▸ Work instruction
Reproduce all records below exactly.

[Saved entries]

+ + + + + + +

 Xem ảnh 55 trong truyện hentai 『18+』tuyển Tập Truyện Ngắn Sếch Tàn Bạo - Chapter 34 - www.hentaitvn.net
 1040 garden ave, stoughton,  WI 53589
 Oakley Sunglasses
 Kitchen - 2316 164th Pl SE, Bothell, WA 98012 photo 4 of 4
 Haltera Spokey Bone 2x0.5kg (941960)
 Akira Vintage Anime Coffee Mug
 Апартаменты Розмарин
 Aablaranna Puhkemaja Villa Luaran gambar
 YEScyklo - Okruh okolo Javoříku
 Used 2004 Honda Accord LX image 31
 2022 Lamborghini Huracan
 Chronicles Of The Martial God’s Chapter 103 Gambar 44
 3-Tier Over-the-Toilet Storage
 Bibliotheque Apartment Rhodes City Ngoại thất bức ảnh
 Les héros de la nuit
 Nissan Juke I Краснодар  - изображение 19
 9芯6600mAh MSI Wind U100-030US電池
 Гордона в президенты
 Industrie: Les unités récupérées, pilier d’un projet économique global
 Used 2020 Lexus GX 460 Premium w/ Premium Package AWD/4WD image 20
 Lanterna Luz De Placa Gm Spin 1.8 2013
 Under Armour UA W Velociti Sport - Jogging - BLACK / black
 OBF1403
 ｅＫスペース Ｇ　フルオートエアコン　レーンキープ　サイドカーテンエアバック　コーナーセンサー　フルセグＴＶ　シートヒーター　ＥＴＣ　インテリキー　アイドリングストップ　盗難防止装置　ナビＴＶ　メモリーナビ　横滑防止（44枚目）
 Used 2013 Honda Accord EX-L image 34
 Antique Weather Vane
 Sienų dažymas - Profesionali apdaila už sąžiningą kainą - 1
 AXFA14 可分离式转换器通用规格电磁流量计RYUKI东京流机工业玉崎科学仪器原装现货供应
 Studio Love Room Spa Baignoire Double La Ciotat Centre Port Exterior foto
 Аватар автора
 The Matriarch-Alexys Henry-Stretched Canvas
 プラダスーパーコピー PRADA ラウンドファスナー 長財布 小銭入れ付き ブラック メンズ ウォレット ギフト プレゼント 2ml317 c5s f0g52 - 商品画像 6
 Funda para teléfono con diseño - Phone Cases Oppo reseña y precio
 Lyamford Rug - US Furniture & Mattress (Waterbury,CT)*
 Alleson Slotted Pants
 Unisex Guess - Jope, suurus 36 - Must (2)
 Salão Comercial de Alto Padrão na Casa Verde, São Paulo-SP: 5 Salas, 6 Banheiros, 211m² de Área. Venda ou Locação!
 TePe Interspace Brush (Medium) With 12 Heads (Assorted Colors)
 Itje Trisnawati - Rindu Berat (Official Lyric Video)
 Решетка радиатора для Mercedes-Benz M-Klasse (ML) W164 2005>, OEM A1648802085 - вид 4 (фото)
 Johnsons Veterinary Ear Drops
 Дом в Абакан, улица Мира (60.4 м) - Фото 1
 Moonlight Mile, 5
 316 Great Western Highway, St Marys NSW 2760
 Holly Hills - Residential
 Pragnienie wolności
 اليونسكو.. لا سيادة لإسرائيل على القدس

+ + + + + + +

▸ Response area
 Xem ảnh 55 trong truyện hentai 『18+』tuyển Tập Truyện Ngắn Sếch Tàn Bạo - Chapter 34 - www.hentaitvn.net
 1040 garden ave, stoughton,  WI 53589
 Oakley Sunglasses
 Kitchen - 2316 164th Pl SE, Bothell, WA 98012 photo 4 of 4
 Haltera Spokey Bone 2x0.5kg (941960)
 Akira Vintage Anime Coffee Mug
 Апартаменты Розмарин
 Aablaranna Puhkemaja Villa Luaran gambar
 YEScyklo - Okruh okolo Javoříku
 Used 2004 Honda Accord LX image 31
 2022 Lamborghini Huracan
 Chronicles Of The Martial God’s Chapter 103 Gambar 44
 3-Tier Over-the-Toilet Storage
 Bibliotheque Apartment Rhodes City Ngoại thất bức ảnh
 Les héros de la nuit
 Nissan Juke I Краснодар  - изображение 19
 9芯6600mAh MSI Wind U100-030US電池
 Гордона в президенты
 Industrie: Les unités récupérées, pilier d’un projet économique global
 Used 2020 Lexus GX 460 Premium w/ Premium Package AWD/4WD image 20
 Lanterna Luz De Placa Gm Spin 1.8 2013
 Under Armour UA W Velociti Sport - Jogging - BLACK / black
 OBF1403
 ｅＫスペース Ｇ　フルオートエアコン　レーンキープ　サイドカーテンエアバック　コーナーセンサー　フルセグＴＶ　シートヒーター　ＥＴＣ　インテリキー　アイドリングストップ　盗難防止装置　ナビＴＶ　メモリーナビ　横滑防止（44枚目）
 Used 2013 Honda Accord EX-L image 34
 Antique Weather Vane
 Sienų dažymas - Profesionali apdaila už sąžiningą kainą - 1
 AXFA14 可分离式转换器通用规格电磁流量计RYUKI东京流机工业玉崎科学仪器原装现货供应
 Studio Love Room Spa Baignoire Double La Ciotat Centre Port Exterior foto
 Аватар автора
 The Matriarch-Alexys Henry-Stretched Canvas
 プラダスーパーコピー PRADA ラウンドファスナー 長財布 小銭入れ付き ブラック メンズ ウォレット ギフト プレゼント 2ml317 c5s f0g52 - 商品画像 6
 Funda para teléfono con diseño - Phone Cases Oppo reseña y precio
 Lyamford Rug - US Furniture & Mattress (Waterbury,CT)*
 Alleson Slotted Pants
 Unisex Guess - Jope, suurus 36 - Must (2)
 Salão Comercial de Alto Padrão na Casa Verde, São Paulo-SP: 5 Salas, 6 Banheiros, 211m² de Área. Venda ou Locação!
 TePe Interspace Brush (Medium) With 12 Heads (Assorted Colors)
 Itje Trisnawati - Rindu Berat (Official Lyric Video)
 Решетка радиатора для Mercedes-Benz M-Klasse (ML) W164 2005>, OEM A1648802085 - вид 4 (фото)
 Johnsons Veterinary Ear Drops
 Дом в Абакан, улица Мира (60.4 м) - Фото 1
 Moonlight Mile, 5
 316 Great Western Highway, St Marys NSW 2760
 Holly Hills - Residential
 Pragnienie wolności
 اليونسكو.. لا سيادة لإسرائيل على القدس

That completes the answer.